A guide to `purescript-coroutines`

JordanMartinez · March 22, 2020, 10:19pm

I’m reposting this here, so that I don’t spam the original thread where I posted it. Sorry about the double post, but I thought it’d be better not to side-track the original thread:

Here’s my basic understanding of how purescript-coroutines work based on my viewing yesterday. It isn’t complete (and I hope to finish it later this week), but it should be enough to get people 80% of what they need.

What Problem does `purescript-coroutines` Solve?

An Overview of the Problem

Based on an example provided by the library, it seems the library is trying to model functional reactive programming.
In its simplest version, functional reactive programming models “data pipelines” in a declarative way rather than an imperative way. Through it, one can write,

(simple) “When the event X occurs, do Y.”
(complex) “When EITHER (event A occurs, and B has not happened in the past 3 seconds, and user is in context C) OR (event D occurs and E is not false), do Z.”
(simple) “Pull the next 10 characters from a file and do X with them.”

“Data pipelines” work the same way as using the pipe/| character to compose multiple Linux bash programs together.

command1 | command2 | command3 | ... | finalCommand

It works similar to using >>> to compose multiple functions together.

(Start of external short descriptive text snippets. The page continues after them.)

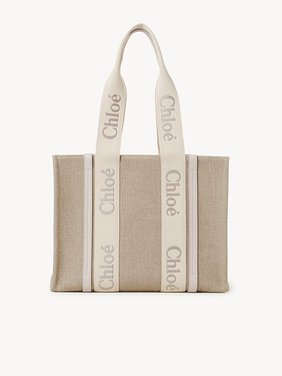 Woody tote bag in linen Linen canvas, calfskin and webbing with Chloé logo embroidery
Wild Grey 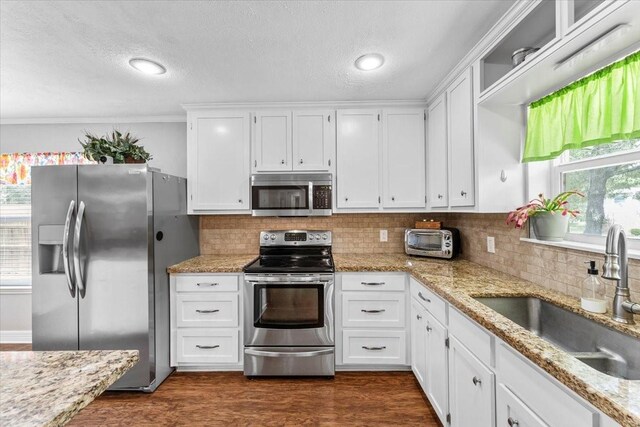 kitchen featuring a sink, white cabinetry, a healthy amount of sunlight, and stainless steel appliances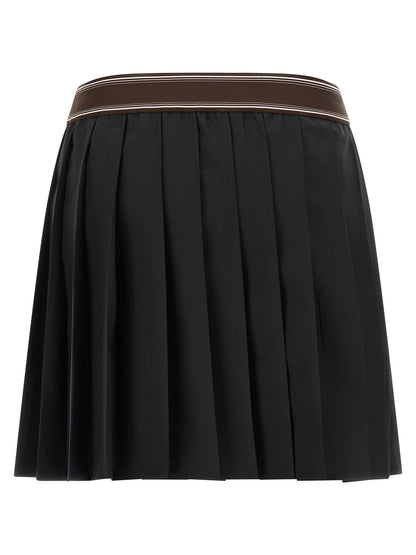 Skirt by Versace for women in mohair wool black, brown, white, jacquard & striped features an relaxed-yet-refined silhouette that elegantly showcases the Medusa Women's Pleated Mohair Wool Skirt design and sophisticated mini long.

To model this pipeline-like concept, coroutines provides 4 different concepts: Producers, Consumers, Transformers, and Cotransformers. We’ll cover the first two before describing the latter two.

The Basic Concepts

Producers represent a way to produce some initial data. For example, an apple tree produces apples. An HTML tag “produces” click events. A paper tray in a printer can provide paper when someone needs to print something. Producers don’t know or care what happens to the things they produce; they simply produce it.

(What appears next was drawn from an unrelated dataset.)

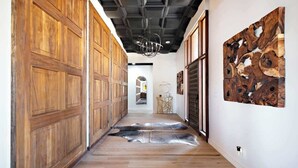 Un pasillo con paneles de madera, alfombra de piel y una obra de arte de madera colgada en la pared.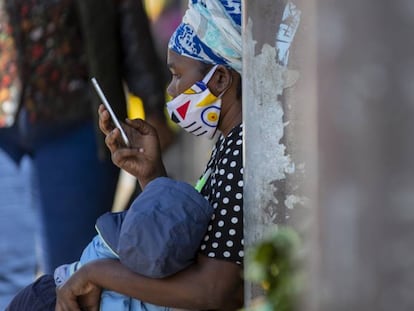 Una mujer consulta su móvil sentada en un banco en Johanesburgo, en Sudáfrica.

Consumers represent a way to consume some final data. For example, one might eat an apple. Or a click event might be handled by alerting the user of some information. Or a printer might use the paper to print out a document. Consumers don’t know or care where the data comes from; they simply consume it once they get it.

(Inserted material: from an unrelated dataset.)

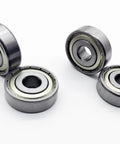 Get A Buttery Smooth Ride With These Heavy Duty Wheelchair Rear Bearings 4 Pack Universal 11mm, showing two sets of bearings.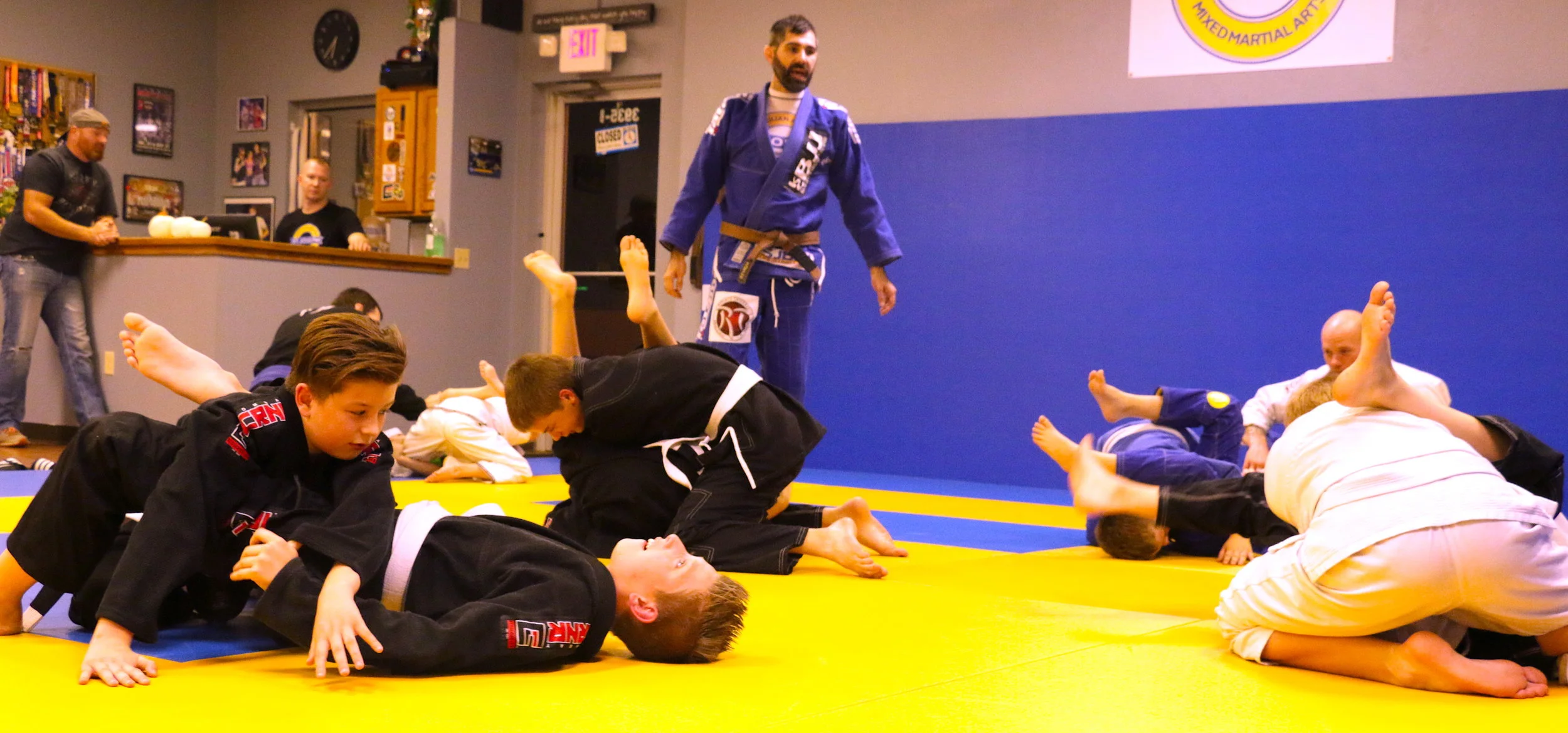 Our 8-15 year olds warming up with armbars and triangles, 2 of our most basic submissions that we try and master through repetition.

Thus, the shortest program one can build is a Producer (e.g. apple tree) that is connected with a Consumer (e.g. a person who likes eating apples). When the Producer “emits” or produces some data, the Consumer “eats” or consumes that data. Put visually:

Producer --- (data) ---> Consumer

However, if all we had were Producers and Consumers, things would get pretty boring. This style of programming gets more interesting when we introduce Transformers and Cotransformers.

`Transformer`, a `Functor` for `Producer` and a `Contravariant` for `Consumer`

Transformer has similarities to the Functor and Contravariant type classes. In short, a Transformer changes the type emitted by Producer or consumed by Consumer.

Put visually, if Producer produces/emits/outputs values of the a type, and Transformer knows how to change values of the a type to values of the b type, and Consumer consumes values of the b type, then we would draw this like so:

Producer --- (a) --> Transformer ---- (b) ---> Consumer

If we combine the Producer with the Transformer, then the Transformer has a Functor-like affect on the Producer. In other words, it acts like map/<$> on the Producer's output.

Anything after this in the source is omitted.